* _Goal of the exercise_:
Please repeat the lines below exactly. Begin with the line containing "Dallas Stadium Print, AT&T" and go on through the line containing "Dark Blue High".

* _Supplied data_:
== == ==
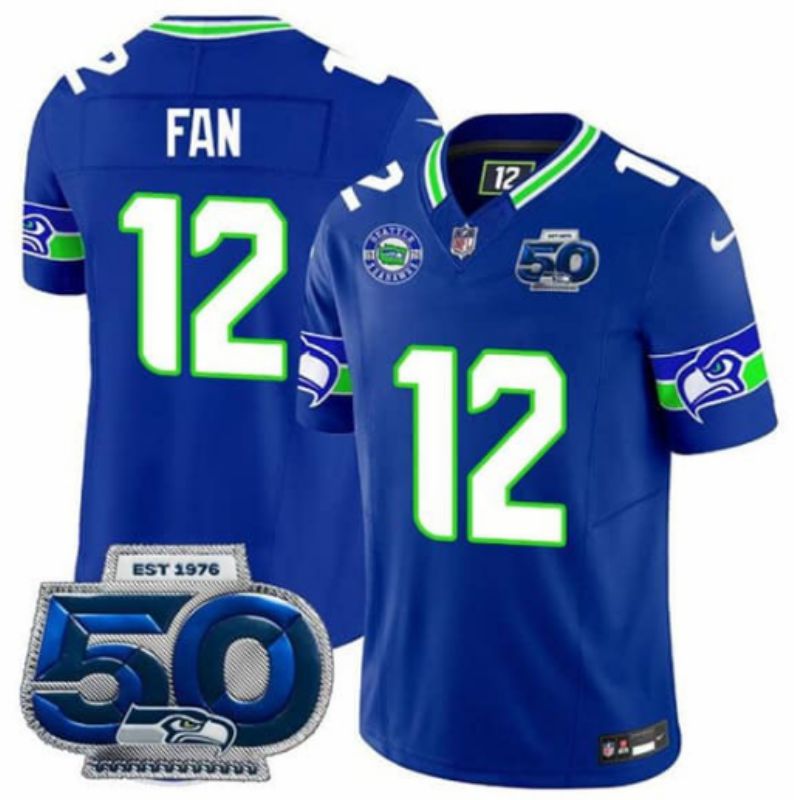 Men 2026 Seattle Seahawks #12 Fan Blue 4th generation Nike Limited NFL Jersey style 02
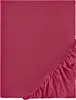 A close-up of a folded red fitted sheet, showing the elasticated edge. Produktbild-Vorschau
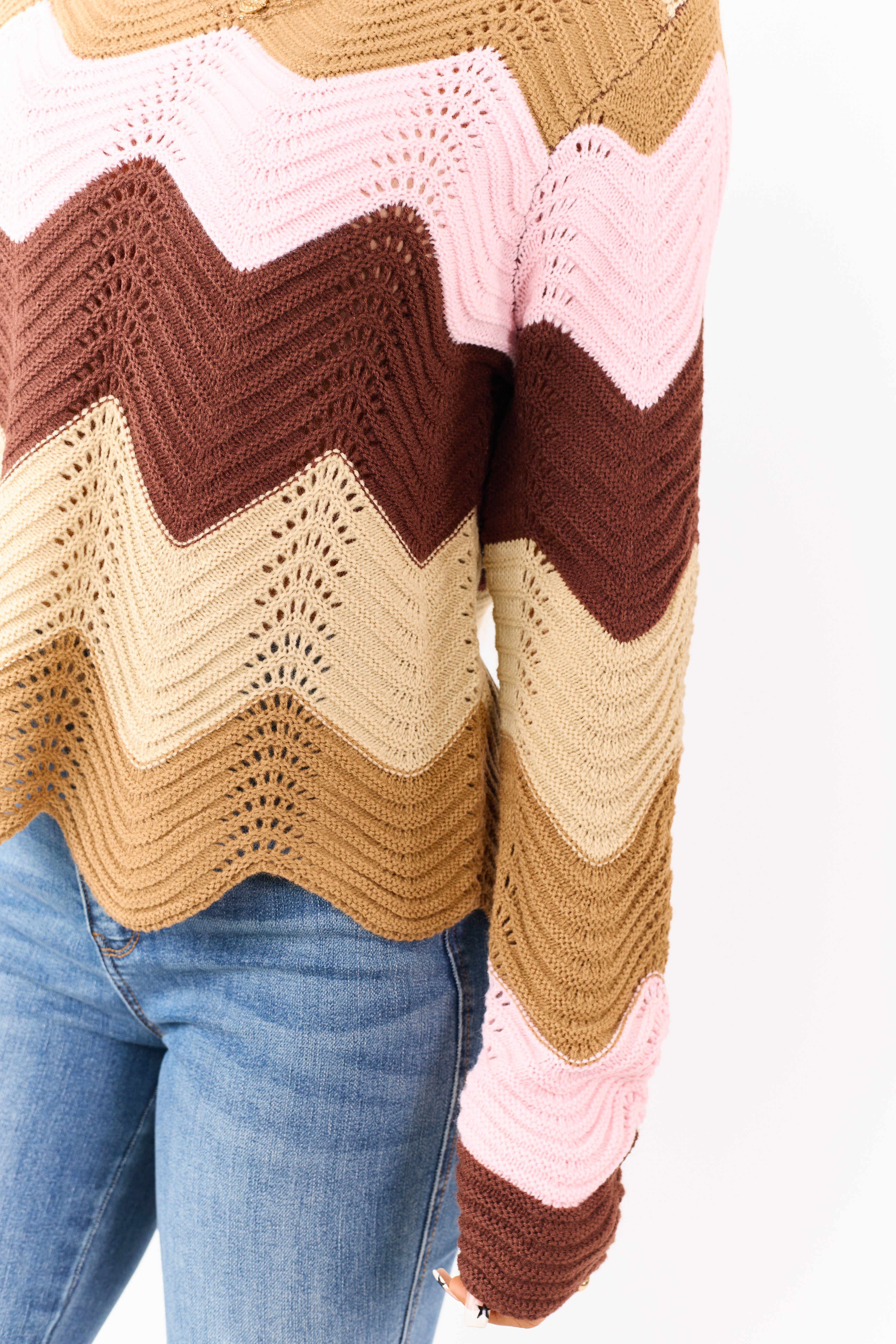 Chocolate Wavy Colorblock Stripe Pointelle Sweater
== == ==
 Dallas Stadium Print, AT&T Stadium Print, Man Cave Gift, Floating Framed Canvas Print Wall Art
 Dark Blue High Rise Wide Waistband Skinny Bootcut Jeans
== == ==
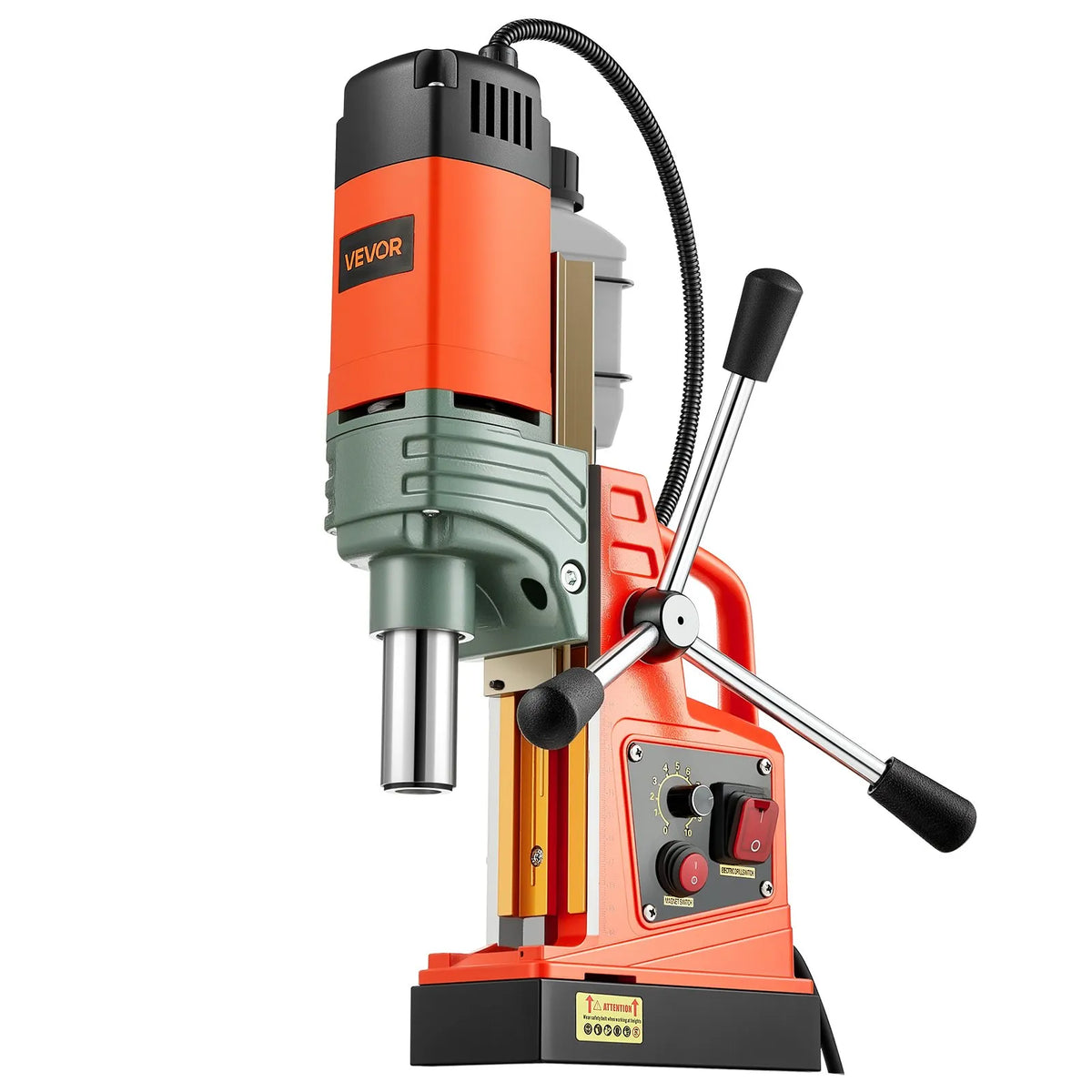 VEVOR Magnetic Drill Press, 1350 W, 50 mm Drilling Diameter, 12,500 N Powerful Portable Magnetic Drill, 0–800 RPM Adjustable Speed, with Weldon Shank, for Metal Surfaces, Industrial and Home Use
== == ==
* _Exercise result_:
 Dallas Stadium Print, AT&T Stadium Print, Man Cave Gift, Floating Framed Canvas Print Wall Art
 Dark Blue High Rise Wide Waistband Skinny Bootcut Jeans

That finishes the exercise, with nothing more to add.